INFORMATION SUPPLIED.
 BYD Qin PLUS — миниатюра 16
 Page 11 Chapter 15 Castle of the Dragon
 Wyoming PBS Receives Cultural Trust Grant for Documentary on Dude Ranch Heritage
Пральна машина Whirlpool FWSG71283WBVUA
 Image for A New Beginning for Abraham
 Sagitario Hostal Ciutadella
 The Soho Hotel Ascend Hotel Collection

--

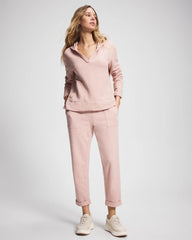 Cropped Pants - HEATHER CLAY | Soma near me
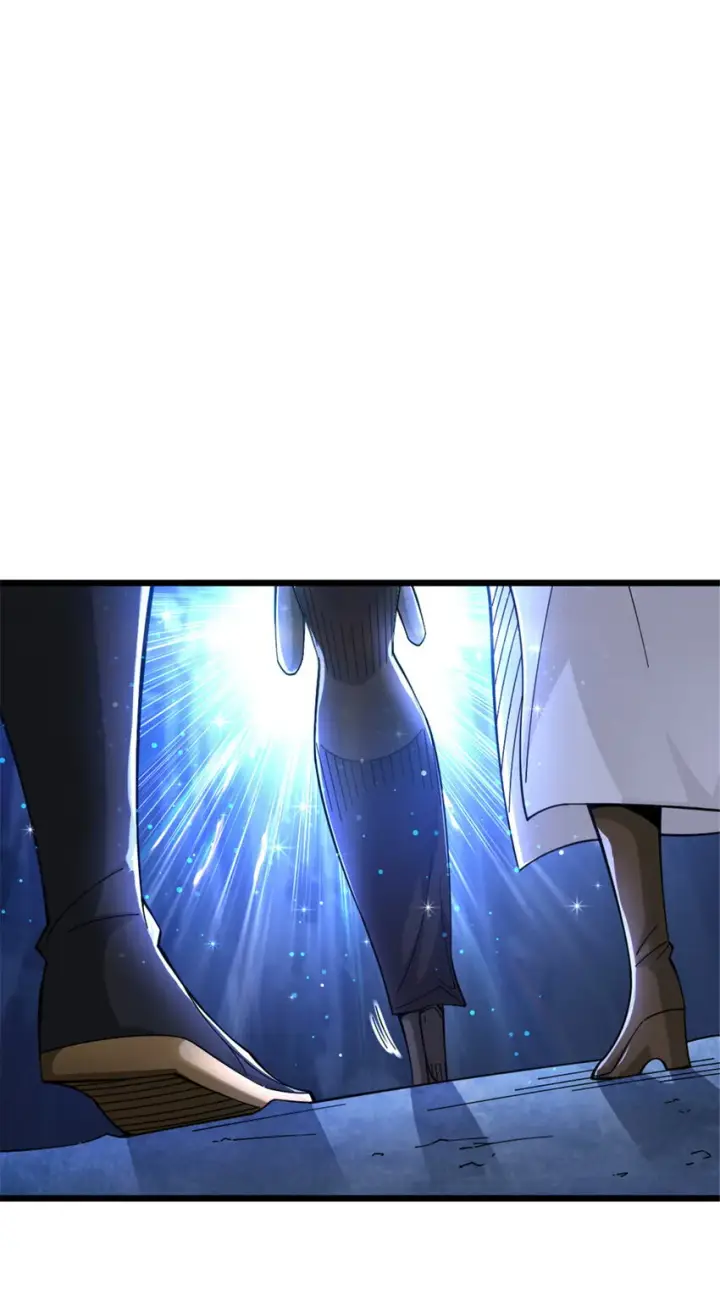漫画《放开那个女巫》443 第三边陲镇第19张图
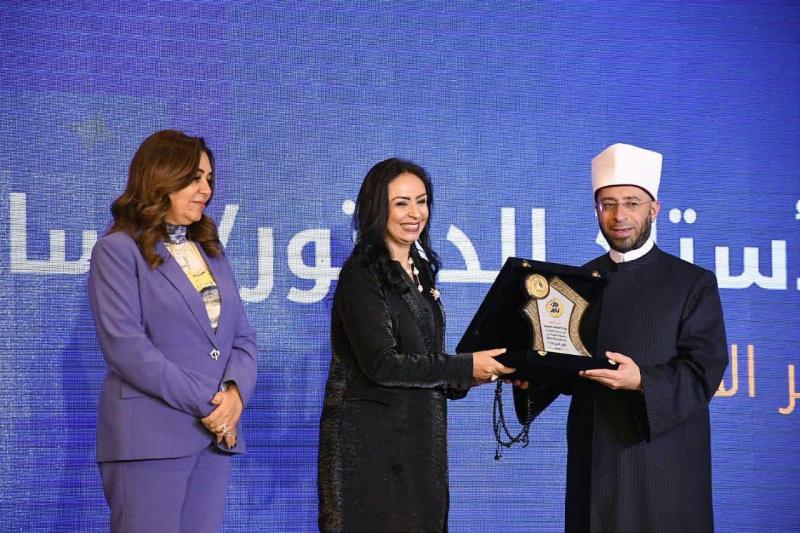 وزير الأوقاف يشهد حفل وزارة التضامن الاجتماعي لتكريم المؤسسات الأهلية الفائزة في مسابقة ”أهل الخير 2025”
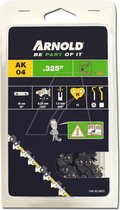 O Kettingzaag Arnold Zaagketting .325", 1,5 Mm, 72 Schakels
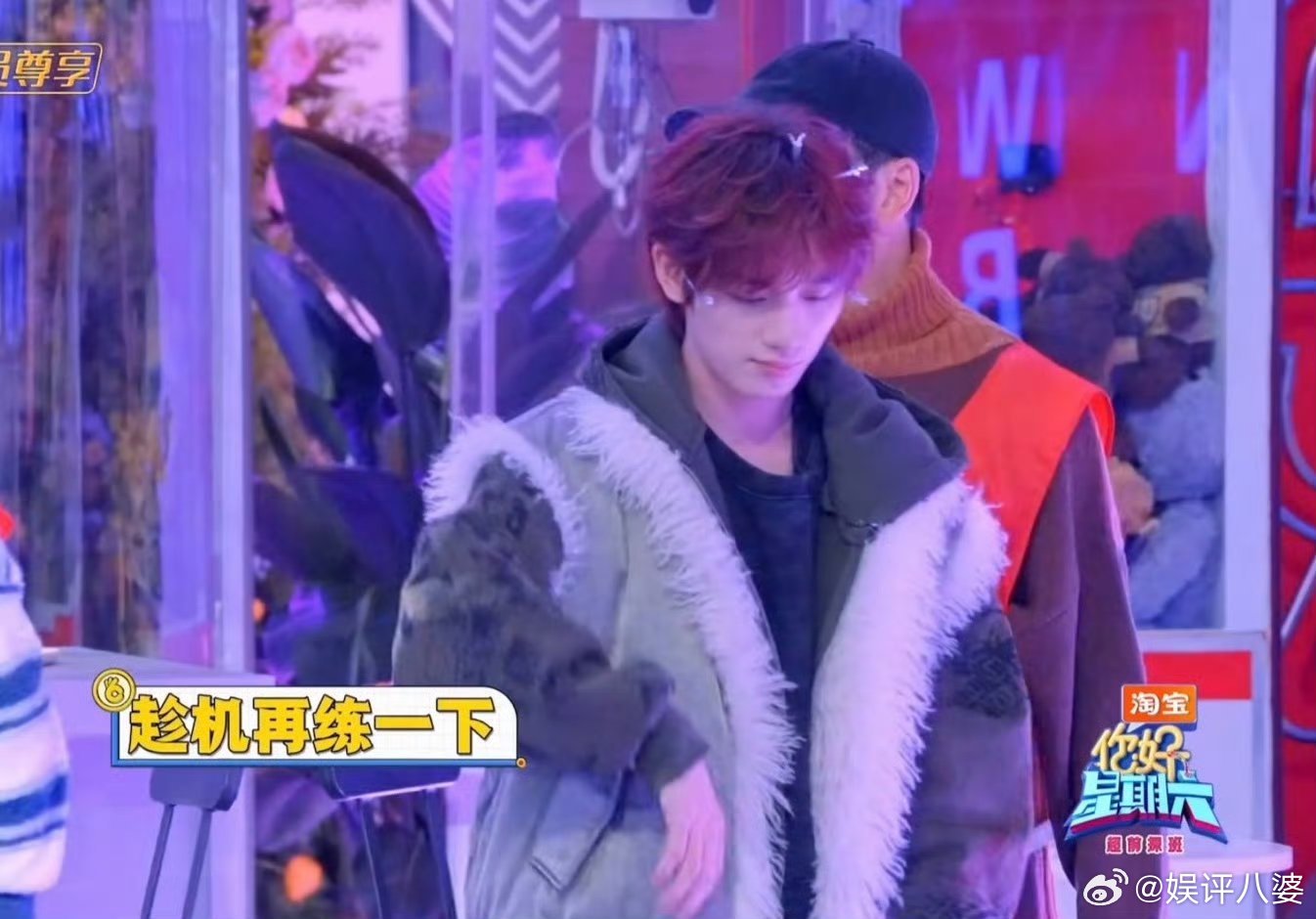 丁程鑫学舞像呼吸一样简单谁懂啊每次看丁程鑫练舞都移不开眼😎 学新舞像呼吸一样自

--

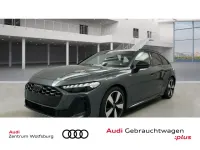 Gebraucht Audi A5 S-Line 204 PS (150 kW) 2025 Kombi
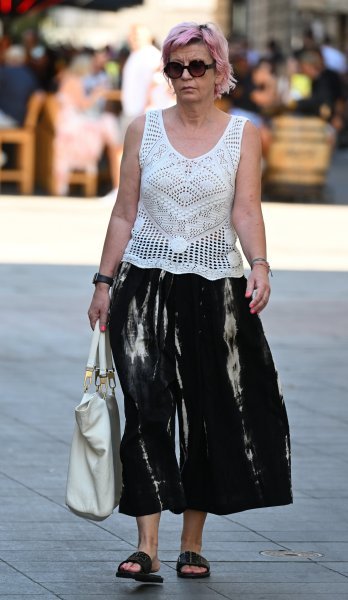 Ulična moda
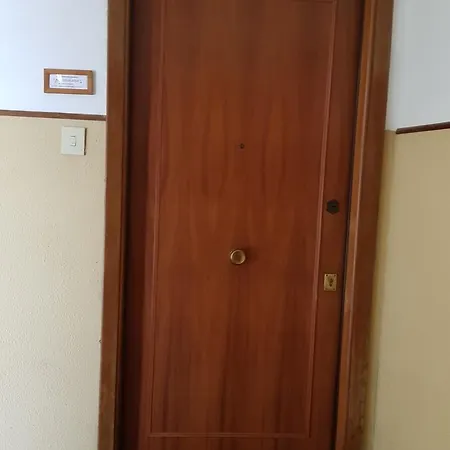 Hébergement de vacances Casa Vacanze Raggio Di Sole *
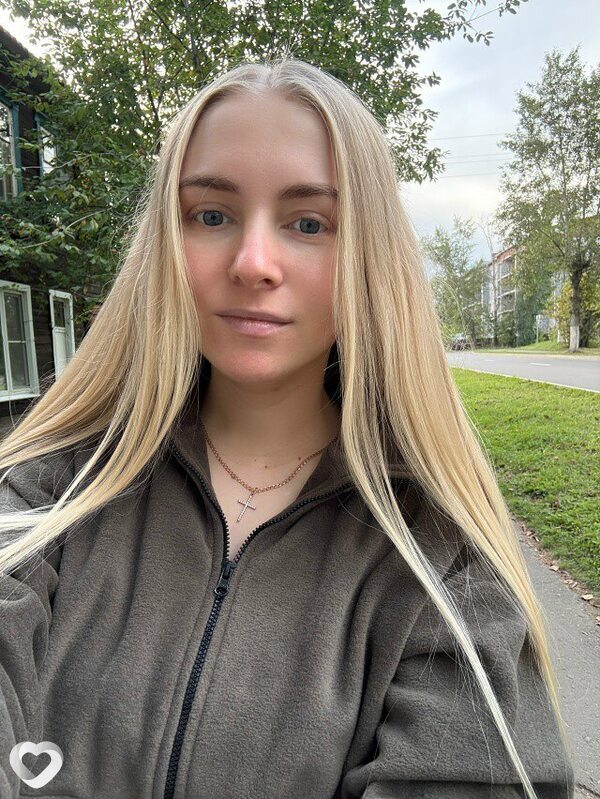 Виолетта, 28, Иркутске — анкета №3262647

THE PROBLEM. From the entries above, print the lines beginning at the one with "Пральна машина Whirlpool FWSG71283WBVUA" and stopping after the one with "The Soho Hotel Ascend Hotel Collection", exactly as written and with nothing else.

TASK RESPONSE.
Пральна машина Whirlpool FWSG71283WBVUA
 Image for A New Beginning for Abraham
 Sagitario Hostal Ciutadella
 The Soho Hotel Ascend Hotel Collection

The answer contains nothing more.